REQUIRED WORK: Within the listing, each line that has the string "おしゃれ" should be copied.

SOURCE RECORDS:
++++++++++++++++++++
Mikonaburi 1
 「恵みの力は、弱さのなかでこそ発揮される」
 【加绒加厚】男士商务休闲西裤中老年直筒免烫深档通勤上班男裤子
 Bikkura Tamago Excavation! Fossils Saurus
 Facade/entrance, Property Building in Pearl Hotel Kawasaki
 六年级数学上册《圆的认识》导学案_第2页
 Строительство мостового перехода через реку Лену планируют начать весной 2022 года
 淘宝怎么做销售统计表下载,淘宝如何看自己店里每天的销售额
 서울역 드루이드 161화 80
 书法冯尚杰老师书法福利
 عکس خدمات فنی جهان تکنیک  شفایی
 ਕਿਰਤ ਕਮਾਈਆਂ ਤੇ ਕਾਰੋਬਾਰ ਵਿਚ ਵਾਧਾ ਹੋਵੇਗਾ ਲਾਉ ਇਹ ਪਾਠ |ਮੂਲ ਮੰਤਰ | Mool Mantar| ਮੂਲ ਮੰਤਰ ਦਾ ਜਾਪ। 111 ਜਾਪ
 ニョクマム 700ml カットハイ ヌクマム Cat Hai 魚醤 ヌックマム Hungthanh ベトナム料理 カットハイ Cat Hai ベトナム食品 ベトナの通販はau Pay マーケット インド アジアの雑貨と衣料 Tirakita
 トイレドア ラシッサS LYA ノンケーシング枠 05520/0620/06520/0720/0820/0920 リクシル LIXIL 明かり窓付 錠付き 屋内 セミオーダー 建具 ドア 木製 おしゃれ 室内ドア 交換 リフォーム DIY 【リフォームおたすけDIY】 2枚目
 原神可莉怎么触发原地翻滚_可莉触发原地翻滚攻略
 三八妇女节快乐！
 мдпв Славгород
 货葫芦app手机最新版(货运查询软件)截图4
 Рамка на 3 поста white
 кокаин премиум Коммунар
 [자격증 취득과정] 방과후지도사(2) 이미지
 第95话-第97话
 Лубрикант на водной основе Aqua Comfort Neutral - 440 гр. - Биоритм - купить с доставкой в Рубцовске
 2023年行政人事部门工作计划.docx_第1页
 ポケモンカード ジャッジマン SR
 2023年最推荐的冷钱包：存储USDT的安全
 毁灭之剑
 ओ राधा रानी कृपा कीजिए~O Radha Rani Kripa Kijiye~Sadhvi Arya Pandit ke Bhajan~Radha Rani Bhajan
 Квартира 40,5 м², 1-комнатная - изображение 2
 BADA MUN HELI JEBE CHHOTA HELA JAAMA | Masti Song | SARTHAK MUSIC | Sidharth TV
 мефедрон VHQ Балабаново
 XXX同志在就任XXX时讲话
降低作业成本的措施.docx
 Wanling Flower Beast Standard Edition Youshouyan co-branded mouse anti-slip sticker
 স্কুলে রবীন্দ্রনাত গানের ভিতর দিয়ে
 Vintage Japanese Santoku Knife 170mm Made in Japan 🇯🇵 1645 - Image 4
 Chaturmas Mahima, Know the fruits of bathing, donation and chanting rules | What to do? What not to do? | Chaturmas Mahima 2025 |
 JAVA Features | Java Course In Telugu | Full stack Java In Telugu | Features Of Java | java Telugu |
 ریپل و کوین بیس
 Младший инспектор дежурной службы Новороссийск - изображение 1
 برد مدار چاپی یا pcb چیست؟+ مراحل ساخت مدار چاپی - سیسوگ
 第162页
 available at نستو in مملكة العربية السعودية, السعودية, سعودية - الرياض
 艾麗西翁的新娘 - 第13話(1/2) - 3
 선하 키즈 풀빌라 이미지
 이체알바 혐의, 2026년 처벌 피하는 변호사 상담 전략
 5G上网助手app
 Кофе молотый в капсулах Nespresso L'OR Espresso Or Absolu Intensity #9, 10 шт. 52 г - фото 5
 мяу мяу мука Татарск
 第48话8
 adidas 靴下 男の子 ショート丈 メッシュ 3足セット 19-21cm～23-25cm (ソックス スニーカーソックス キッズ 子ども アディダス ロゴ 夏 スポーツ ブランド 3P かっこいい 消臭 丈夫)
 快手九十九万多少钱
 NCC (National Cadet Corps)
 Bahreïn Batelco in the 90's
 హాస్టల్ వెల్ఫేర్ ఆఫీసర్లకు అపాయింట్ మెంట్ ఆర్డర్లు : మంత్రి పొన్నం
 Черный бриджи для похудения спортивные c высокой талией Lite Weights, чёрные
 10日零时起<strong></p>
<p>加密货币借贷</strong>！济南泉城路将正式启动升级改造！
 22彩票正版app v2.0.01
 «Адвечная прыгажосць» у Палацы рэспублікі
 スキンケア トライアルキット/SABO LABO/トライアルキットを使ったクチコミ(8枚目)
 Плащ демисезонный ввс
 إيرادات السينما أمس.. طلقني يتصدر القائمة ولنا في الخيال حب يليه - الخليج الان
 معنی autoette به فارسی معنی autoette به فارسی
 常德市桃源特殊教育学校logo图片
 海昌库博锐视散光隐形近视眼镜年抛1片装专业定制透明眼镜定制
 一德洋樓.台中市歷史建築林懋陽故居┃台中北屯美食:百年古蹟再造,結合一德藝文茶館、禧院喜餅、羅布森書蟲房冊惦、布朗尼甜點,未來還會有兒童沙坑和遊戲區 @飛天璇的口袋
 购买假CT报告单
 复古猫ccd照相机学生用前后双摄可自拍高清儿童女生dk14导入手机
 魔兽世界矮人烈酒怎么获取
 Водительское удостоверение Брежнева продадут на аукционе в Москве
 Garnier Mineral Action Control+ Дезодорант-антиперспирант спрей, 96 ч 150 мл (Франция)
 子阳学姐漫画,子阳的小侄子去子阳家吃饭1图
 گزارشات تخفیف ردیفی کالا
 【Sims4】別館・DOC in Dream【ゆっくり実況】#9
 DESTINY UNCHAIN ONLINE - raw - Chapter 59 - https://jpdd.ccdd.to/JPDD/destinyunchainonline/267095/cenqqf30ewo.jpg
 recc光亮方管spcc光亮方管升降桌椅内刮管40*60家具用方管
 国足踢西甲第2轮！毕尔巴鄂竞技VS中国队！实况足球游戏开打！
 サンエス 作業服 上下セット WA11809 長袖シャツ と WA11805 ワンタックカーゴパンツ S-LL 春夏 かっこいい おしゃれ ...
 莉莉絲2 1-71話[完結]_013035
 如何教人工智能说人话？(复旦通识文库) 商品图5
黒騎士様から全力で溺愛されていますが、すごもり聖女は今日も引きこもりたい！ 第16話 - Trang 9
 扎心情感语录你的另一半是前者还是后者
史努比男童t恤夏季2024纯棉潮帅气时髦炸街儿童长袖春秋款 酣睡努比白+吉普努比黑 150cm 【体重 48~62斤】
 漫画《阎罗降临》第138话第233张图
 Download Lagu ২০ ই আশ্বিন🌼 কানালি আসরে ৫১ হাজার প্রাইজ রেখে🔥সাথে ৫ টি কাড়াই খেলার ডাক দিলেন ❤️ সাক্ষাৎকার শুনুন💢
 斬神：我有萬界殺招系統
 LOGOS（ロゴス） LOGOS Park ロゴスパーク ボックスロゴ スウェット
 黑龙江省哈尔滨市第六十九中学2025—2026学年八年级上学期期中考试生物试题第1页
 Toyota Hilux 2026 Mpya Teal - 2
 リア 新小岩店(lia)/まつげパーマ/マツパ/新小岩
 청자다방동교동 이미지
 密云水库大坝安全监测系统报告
++++++++++++++++++++
SOLVED EXERCISE:
 トイレドア ラシッサS LYA ノンケーシング枠 05520/0620/06520/0720/0820/0920 リクシル LIXIL 明かり窓付 錠付き 屋内 セミオーダー 建具 ドア 木製 おしゃれ 室内ドア 交換 リフォーム DIY 【リフォームおたすけDIY】 2枚目
 サンエス 作業服 上下セット WA11809 長袖シャツ と WA11805 ワンタックカーゴパンツ S-LL 春夏 かっこいい おしゃれ ...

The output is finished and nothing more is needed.